While one could argue that Pfizer wanted AstraZeneca mostly for its cancer immunology programs, there are easier ways to refill a pipeline with cancer therapies than to buy an entire company that is known as dealing with patent cliff problems of its own.
And the Pfizer/AstraZeneca deal was probably the most speculative of this week’s biopharma acquisitions. Novartis is simply buying GlaxoSmithKline’s existing cancer unit, while Glaxo will be receiving Novartis’ existing vaccine portfolio. There are a few trials underway within both of the divisions that will be changing hands, but none of them are expected to be game-changing anytime soon. Allergan also is already a well-established enterprise, with little risk, but little additional upside ahead.
In other words, pharmaceutical companies are no longer playing offense but instead are playing defense, looking for acquisitions based on convenience and cost reductions more so than growth opportunities.
The next step in this evolution is a reluctance to acquire other companies for any reason at all.
#2: Biotech IPOs Are Running Rampant
As of March 20, 24 biotech companies have gone public this year. That’s a huge number. For perspective, there were only 37 biotech IPOs in all of 2013 (and that was a record-breaking year … the average has been about a dozen per year since 2000).
At the current pace, we could see a whopping 100 or so biotech IPOs in 2014, leaving any prior year’s biotech IPO headcount in the dust.
“But isn’t a wave of new biotech and bioharma stocks an indication of strong interest and confirmed opportunity?” Maybe, but more likely it’s a sign of exhaustion. Remember, homebuilders couldn’t build houses fast enough in 2007. There weren’t enough tech stocks to go around in 1999. The widely held euphoric assumptions then were dead wrong.
There’s another red flag stemming from the plethora of biopharma IPOs we’ve seen of late, though.
Truth be told, biopharma startups would prefer to be acquired or partnered with while they’re private entities. The valuations tend to be better, and the hassle of keeping investors satiated is sidestepped. The fact that these companies are being forced to enter the public-capital markets for funding actually implies there’s not a great deal of faith in their underlying science.
If there was, Big Pharma would be providing more funding for them.
Bottom Line for Pharmaceuticals
To be fair, it’s not a flawless theory. The pharmaceutical industry has not only continued to make new drugs, but the advent of genome mapping, immunology and other new sciences has given the industry new ways to develop even more therapies.

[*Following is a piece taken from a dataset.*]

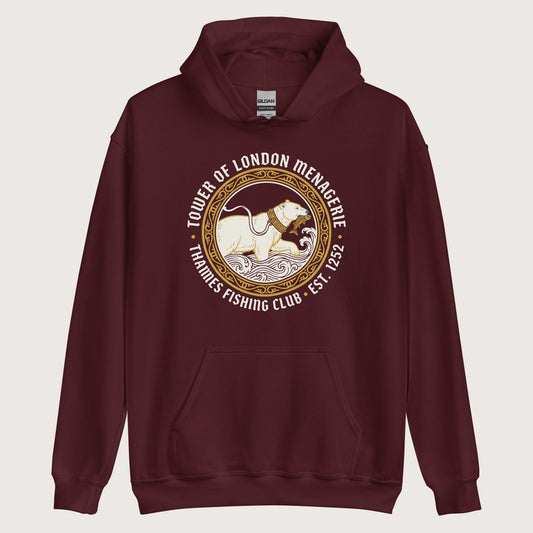 Maroon Tower Of London Menagerie Thames Fishing Club Hoodie - history buff gift by HistoHead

It’s conceivable that all these new publicly traded companies will eventually justify themselves. And it’s conceivable that Big Pharma will decide to once again view acquisitions as a means of garnering new drugs rather than as a means of improving logistics.
Conceivable, though not likely … at least not in the near-term.
Like any other industry’s stocks, pharmaceutical stocks and biopharma are cyclical. The ebbs and flows here are driven by a changing technologies and an ongoing flux between a risk-on and risk-off attitude. Risk was “on” in 2012 and 2013 after being “off” between 2008 and 2011. If the pattern repeats itself, the next couple of years aren’t going to be nearly as rewarding as the last couple have been.
And it looks as if the downside of the cycle might have already begun.
As of this writing, James Brumley did not hold a position in any of the aforementioned securities.